I've got more Smiths than I know what to do with: 2 10er's, a MK5 and a MK5 "shortie" that are active in my shop, and at least 3 more in storage waiting to re restored. I grew up with them, I love them, and I use them on all my woodworking. They are accurate and well built. The change over time only seems to be an issue for people who don't own one.


----------



## rastus (Nov 25, 2009)

Hi Wiz, I also started woodworking on my mark5 over 20yrs ago, mostly cause of space and $. I've added single purpose tools as $ and skill level warrented. I still use it mostly as a table saw now and to power the bandsaw and jointer, but come spring time I plan on getting a sawstop tablesaw. I'll keep the mark5 till I can afford to get a standalone bandsaw and jointer. I also picked up 10er that is at least 60yrs old, I cleand it up and it does all my drillpress work, no plans on getting rid of that. Just take the time to set up the SS as accurate as you can and remember a tool is only as accurate and safe as its operator.

Paul


----------



## 8iowa (Feb 7, 2008)

I started with a Shopsmith 500 in 1/2 of my garage back in 1983. Since then this machine has been upgraded, first to 510, then to 520, and now to the ultimate, the Power Pro. It's to Shopsmith's credit that they have always made it possible to upgrade an older machine, and there are a lot of 1950's vintage Shopsmiths still "hummin" along with their third generation owners.

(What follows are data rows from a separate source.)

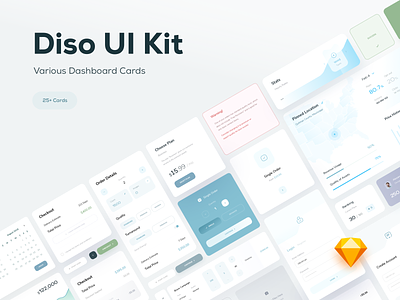 Diso UI Kit — Various Dashboard Cards & Elements cms crm dashboard goods for sale kit kit8 kits for sale saas sale ui kit ui kits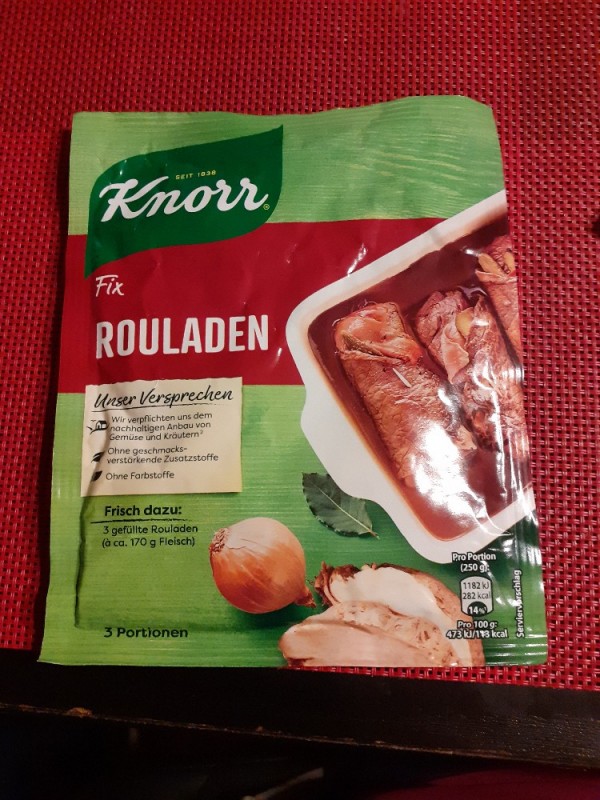 Knorr Fix Rouladen von 64petra | Hochgeladen von: 64petra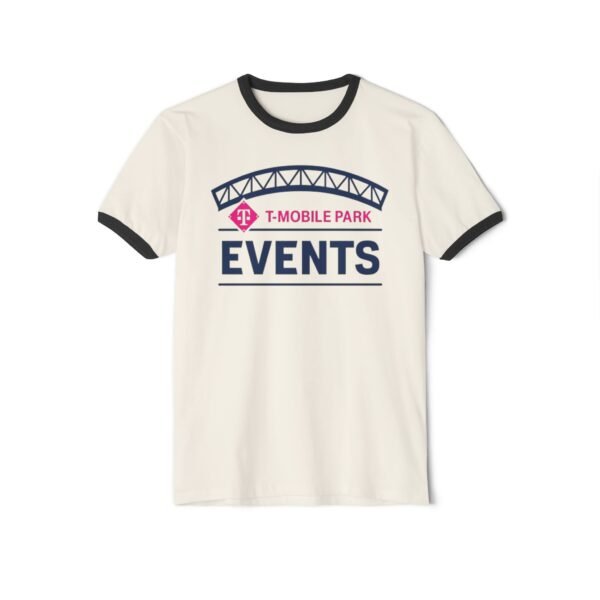 Seattle Mariners T-Mobile Park Unisex Cotton Ringer T-Shirt - Image 5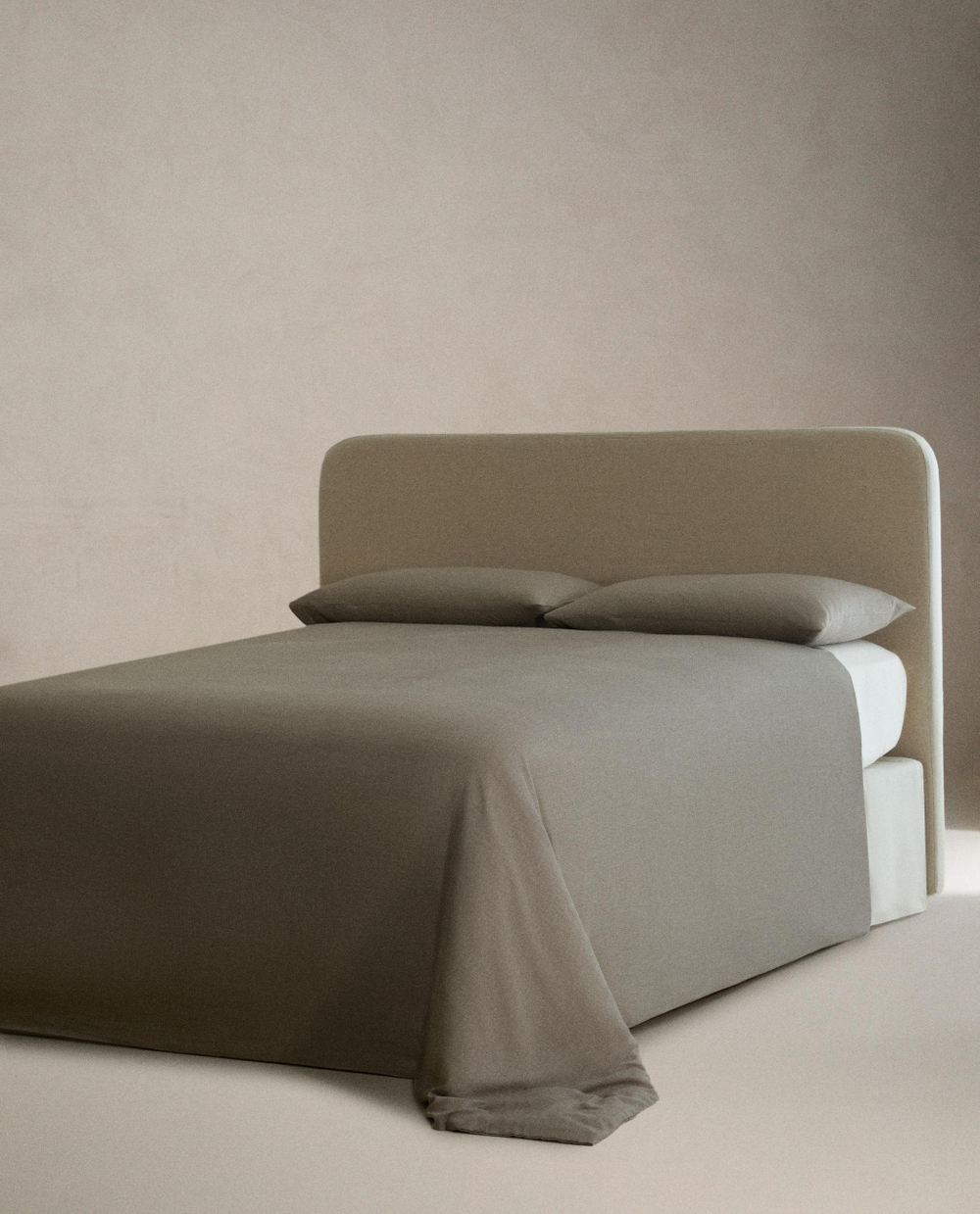 Пододеяльник Zara Home, хлопок 100%, однотонный, 5151/088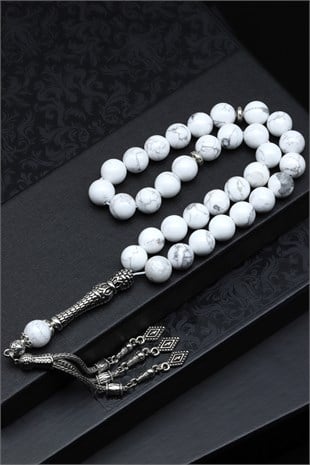 Havlit Doğal Taş Tesbih 10 mm Küre Kesim TSB-0590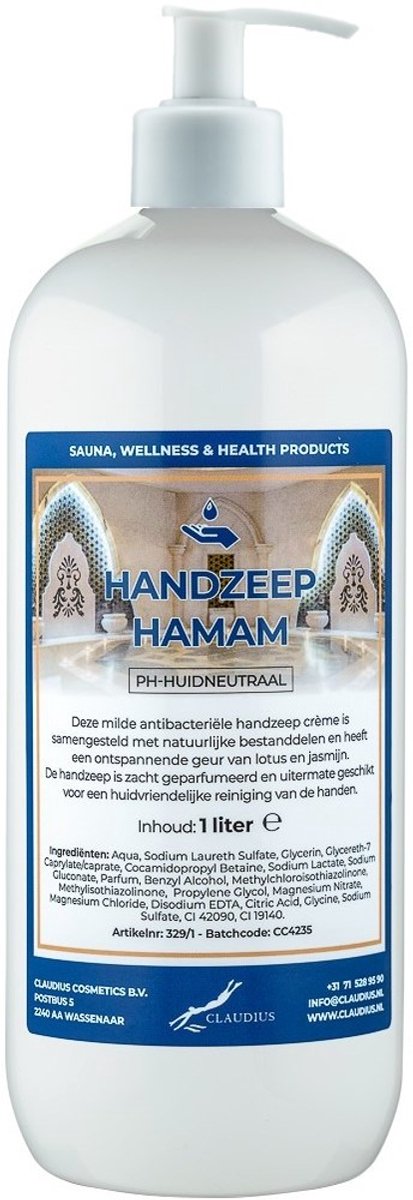 Handzeep Hamam 1 liter - met gratis pomp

Shopsmith deserves to be congratulated for engineering, testing, and introducing the new DVR motor headstock in the face of a downturned economy and a market flooded with Asian tools. Ingeniously, they have made it possible for us to install this new power plant and controller into the old headstock. With a speed range of 40 to 1, and torque sensing ability, the DVR headstock can rip 3" oak at 4000 rpm, turn large diameter panel router bits at 10,000 rpm, and then drill with 3" forstner bits at 250 rpm. I'm packing a lot of capability into my 192 sq. ft. here in Gainesville.


----------



## MrWizard (Sep 21, 2010)

Wow, 
It is really great to hear back from so many of you that use the Shopsmith unit(s). Because the main purpose was for me to get back into turning wood, any comments on what chucks to use or other third party turning tools. I really look forward to making some nice bowls for the family and even sell a couple if I get it right.
Best of the holidays to all and to all, "Ill be in the shop."


----------



## 8iowa (Feb 7, 2008)

My son-in-law is much more into bowl turning than I am, He has a Stronghold chuck with the "jumbo" jaws. I have the Super Nova 2 and get good use out of it.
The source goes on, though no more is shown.